Barnaby Joyce was not the popular choice at the final Meet the Candidates Forum held at the Armidale City Bowling Club on Thursday night, and Adam Blakester certainly presented as a credible Independent candidate to an audience that gave him the large majority of their applause.
The forum was attended by about 300 people and Mr Joyce later said it was a "tougher crowd". It came on the back of the Tamworth Business Chamber's recent candidate debate exit poll that gave Mr Joyce 46.4 per cent of the vote and Mr Blakester 43.1 per cent, however those figures were from a small sample and may not be reliable.
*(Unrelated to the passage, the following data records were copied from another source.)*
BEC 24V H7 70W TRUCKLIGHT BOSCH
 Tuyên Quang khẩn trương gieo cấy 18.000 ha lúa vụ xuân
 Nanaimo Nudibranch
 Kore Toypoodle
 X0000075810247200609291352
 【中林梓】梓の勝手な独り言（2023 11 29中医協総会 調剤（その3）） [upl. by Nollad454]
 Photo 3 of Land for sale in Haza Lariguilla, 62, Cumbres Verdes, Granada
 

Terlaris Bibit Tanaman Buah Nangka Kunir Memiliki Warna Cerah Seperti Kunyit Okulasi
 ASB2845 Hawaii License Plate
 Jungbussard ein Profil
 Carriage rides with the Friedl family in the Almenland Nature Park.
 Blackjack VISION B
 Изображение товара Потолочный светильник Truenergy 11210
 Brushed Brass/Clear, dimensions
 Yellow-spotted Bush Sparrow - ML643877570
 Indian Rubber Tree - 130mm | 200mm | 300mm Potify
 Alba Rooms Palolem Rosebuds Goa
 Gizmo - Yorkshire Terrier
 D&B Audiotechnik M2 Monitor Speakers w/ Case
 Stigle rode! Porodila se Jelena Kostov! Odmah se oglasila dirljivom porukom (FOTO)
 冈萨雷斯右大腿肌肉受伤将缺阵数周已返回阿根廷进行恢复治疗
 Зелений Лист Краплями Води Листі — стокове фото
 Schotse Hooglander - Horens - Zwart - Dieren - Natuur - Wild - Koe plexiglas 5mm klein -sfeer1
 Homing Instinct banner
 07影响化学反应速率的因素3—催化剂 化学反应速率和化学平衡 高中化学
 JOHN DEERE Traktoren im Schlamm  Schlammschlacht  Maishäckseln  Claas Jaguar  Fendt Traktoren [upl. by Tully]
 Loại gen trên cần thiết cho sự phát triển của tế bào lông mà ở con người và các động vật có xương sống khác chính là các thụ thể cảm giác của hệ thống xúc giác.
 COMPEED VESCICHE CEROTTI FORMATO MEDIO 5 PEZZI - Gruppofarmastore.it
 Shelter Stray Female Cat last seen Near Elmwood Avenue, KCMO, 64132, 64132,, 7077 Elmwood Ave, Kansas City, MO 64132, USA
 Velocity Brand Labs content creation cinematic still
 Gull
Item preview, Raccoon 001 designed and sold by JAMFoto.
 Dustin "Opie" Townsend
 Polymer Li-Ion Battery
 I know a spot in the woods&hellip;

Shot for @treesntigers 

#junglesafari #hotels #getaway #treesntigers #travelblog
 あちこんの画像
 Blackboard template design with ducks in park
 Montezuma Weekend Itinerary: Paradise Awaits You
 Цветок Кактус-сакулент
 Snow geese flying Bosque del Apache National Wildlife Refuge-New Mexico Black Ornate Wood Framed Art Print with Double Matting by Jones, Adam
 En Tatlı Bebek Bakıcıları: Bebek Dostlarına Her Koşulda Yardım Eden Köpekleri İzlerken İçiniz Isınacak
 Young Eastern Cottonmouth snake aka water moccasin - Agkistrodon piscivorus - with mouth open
Mr Joyce said he had a duty to present himself at the forums.
"My style of politics is a lot more pragmatic and I try to focus on local delivery, rather than the overall architecture of more global or national plans," he said.
"I know there was an intense interest in global warming politics and my view is we can't throw people under the bus in dealing with it, and [we need] to focus on local delivery. "
"On the next step for teh APVMA in Armidale and on further deliveries out into the communities. The tangible things that I'm asked to pursue when people come to my office."
Mr Joyce said the region needed to retain the APVMA and asked even those who couldn't stand him to write to Joel Fitzgibbon to demand the department be kept in Armidale.
"Please don't ditch the APVMA. Look, it's bringing in a lot of people who will not vote for me, so if you want to get rid of me, keep it," he quipped.
Independent candidate Adam Blakester said he was happy with the meeting and thought it was a fantastic night.
"I think it was a good forum. The one thing we need that we haven't had is probably more debate between some of the candidates," he said.
"There are questions that have been left lingering in the air, [but] whether there is an opportunity to do that between now and voting day I am not sure. I can't see how it is going to happen.
"I got the impression there was an odd man out here tonight, and it was the incumbent. There were clear murmurs in response to renewable energy, some of the women's issues, we skirted around questions about the Murray Darling and water buybacks. Those are some of the still lingering questions."
Mr Blakester said he thought they were issues that probably would not be resolved until Australia had a Federal ICAC and perhaps a Royal Commission on water.
"I think these issues are at the centre of what this election is all about. They are heavy and they are big issues, but we need to see them progressed if not addressed coming out of this election," Mr Blakester said.